PHNOM PENH (Cambodia Herald) - The International Labor Organization says Cambodia has reasons to be cheerful as the international community marks World Day Against Child Labor on Tuesday. At the same time, however, a lot more needs to be done.
In a statement, the ILO estimated that 215 million children worldwide were involved in child labor, with more than half associated with its worst forms.
As for Cambodia, around 1.5 million children are involved in child labor and about 310,000 in the worst forms.
"Children concerned should be at school, acquiring skills that prepare them for decent work as adults.

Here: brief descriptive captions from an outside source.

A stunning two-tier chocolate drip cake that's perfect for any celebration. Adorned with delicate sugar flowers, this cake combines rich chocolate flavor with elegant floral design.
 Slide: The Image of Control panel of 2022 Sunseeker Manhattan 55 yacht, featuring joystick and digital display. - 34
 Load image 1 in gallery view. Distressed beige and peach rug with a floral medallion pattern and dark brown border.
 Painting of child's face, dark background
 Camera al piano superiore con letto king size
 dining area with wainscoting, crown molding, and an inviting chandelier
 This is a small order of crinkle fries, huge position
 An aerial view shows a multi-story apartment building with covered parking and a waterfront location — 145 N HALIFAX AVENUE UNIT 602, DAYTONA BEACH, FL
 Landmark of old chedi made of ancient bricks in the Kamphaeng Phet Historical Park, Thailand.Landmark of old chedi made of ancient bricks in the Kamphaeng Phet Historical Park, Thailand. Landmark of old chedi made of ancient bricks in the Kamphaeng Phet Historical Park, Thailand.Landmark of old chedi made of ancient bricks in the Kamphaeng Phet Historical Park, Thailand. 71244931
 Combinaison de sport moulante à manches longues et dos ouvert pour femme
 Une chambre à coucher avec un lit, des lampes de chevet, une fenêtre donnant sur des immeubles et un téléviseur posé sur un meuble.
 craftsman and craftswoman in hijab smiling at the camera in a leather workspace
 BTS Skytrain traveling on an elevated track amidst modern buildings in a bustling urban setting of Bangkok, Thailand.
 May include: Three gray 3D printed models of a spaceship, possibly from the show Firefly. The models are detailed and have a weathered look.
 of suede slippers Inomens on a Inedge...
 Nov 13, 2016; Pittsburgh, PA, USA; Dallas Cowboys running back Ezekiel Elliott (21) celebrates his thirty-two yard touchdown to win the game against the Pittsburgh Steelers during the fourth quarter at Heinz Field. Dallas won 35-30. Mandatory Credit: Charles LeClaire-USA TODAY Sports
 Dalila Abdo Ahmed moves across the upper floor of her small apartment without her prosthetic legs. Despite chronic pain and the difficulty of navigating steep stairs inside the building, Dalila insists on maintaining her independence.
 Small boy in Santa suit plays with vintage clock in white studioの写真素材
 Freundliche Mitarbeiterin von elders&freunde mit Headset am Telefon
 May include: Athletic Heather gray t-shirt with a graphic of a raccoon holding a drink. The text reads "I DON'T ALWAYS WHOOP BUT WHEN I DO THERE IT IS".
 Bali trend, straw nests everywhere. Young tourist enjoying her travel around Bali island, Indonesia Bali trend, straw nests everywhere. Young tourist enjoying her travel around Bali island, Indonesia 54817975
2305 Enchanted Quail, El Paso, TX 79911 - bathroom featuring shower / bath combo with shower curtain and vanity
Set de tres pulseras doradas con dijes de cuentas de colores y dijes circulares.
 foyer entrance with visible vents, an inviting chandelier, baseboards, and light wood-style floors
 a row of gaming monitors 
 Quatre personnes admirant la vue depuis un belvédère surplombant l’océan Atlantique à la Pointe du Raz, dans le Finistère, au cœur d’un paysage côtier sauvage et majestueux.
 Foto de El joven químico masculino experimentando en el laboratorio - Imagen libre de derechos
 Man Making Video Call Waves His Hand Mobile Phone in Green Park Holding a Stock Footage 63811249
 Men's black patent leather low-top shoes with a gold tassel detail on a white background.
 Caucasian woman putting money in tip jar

By entering the labor market prematurely, they are deprived of this critical education and training that can help to lift them, their families and communities out of a cycle of poverty.
"In its worst forms, child laborers may also be exposed to physical, psychological or moral suffering that can cause long-term damage to their lives."
But "there appears to be a growing realization that Cambodia needs a well-educated young workforce to fuel its economic growth." Moreover, the ILO noted that Prime Minister Hun Sen had signed the first National Plan of Action for the Elimination of the Worst Forms of Child Labor in 2008.
A draft for the second phase from 2013 to 2017 has now been developed and will soon be finalized. "The ILO seeks the commitment of the Royal Government of Cambodia towards the adoption of this Second National Plan of Action, alongside with the allocation of appropriate resources," it said.
The statement also noted that Cambodia was one of the first countries in the region to adopt the ILO goal of ending the Worst Forms of Child Labour by 2016. Today, the country has nine separate ministries, many provinces and the Municipality of Phnom Penh working together to achieve the goal.
"Those steps are beginning to show results. Recent monitoring conducted in Kampot, Kep and Poipet (has) shown very significant declining trends of child labor," the ILO said. "These declining trends give us the hope that the 2016 goal of ending the (worst forms of child labor) can be achieved."
But "a lot more still needs to be done and time is short," it warned, noting that both boy and girls need to receive education up to at least 15 years, when they can start work.
Moreover, action against child labor can be accelerated under a new Social Protection Strategy for the Vulnerable and the Poor which provides cash-transfer schemes, scholarships and public-employment schemes for parents.
The ILO also called for "cross-sectoral initiatives" to identify areas free of child labor, better law enforcement including penalizing those who break the law and allocating adequate government resources to eliminate child labor.